US Undocumented Population Continued to Fall from 2016 to 2017 and Visa Overstays Significantly Exceeded Illegal Crossings for the Seventh Consecutive Year
February 15, 2019
This article presents estimates of the US undocumented population for 2017 derived by the Center for Migration Studies of New York (CMS). It focuses on the steep decline in the undocumented population from Mexico since 2010. While the president has focused the nation’s attention on the border wall, half a million US undocumented residents from Mexico left the undocumented population in 2016 alone, more than three times the number that arrived that year, leading to an overall decrease of nearly 400,000 undocumented residents from Mexico from 2016 to 2017. From 2010 to 2017, the undocumented population from Mexico fell by a remarkable 1.3 million.
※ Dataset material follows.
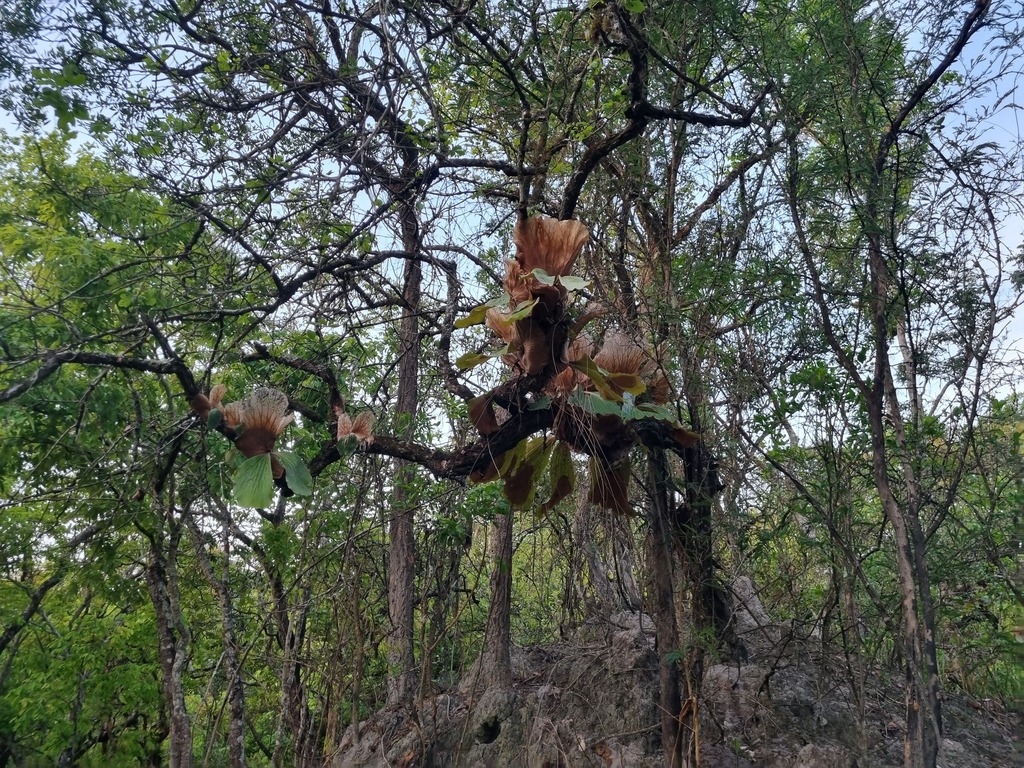 Mounted staghorn fern on a wooden board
For the past 10 years, the primary mode of entry for the undocumented population has been to overstay temporary visas. This article provides estimates of the number of noncitizens who overstayed temporary visas and those who entered without inspection (EWIs) in 2016 by the top five countries of origin.
Summary of Findings
- The US undocumented population from Mexico fell by almost 400,000 in 2017.
- In 2017, for the first time, the population from Mexico constituted less than one half of the total undocumented population.
- Since 2010, the undocumented population from Mexico has declined by 1.3 million.
- In California, the undocumented population from Mexico has declined by 26 percent since 2010, falling from 2.0 to 1.5 million; it also dropped by 50 percent in Alabama, and by one third in Georgia, New York, and New Mexico.
- The undocumented population from Venezuela grew rapidly after 2013, increasing from 60,000 to 145,000 in just four years.
- Visa overstays have significantly exceeded illegal border crossings during each of the last seven years.
- Mexico was the leading country for overstays in 2017, with about twice as many as India or China.
The estimates presented here were derived by CMS based on information collected in the Census Bureau’s annual American Community Survey (ACS). The procedures used to derive detailed estimates of the undocumented population are described in Warren (2014). CMS used its annual estimates of the undocumented population for 2010 to 2017 — by state of residence, country of origin, and year of entry — to compile the information described here. Additional methodological details appear as footnotes or as notes in the tables.
 In 2016, the US undocumented population from Mexico that arrived before 2016 was 5.6 million; one year later, in 2017, the number that arrived before 2016 had dropped to 5.1 million, indicating that half a million had left the undocumented population from Mexico.
 Undocumented residents leave the population by being removed, emigrating voluntarily, adjusting to permanent legal status, or dying.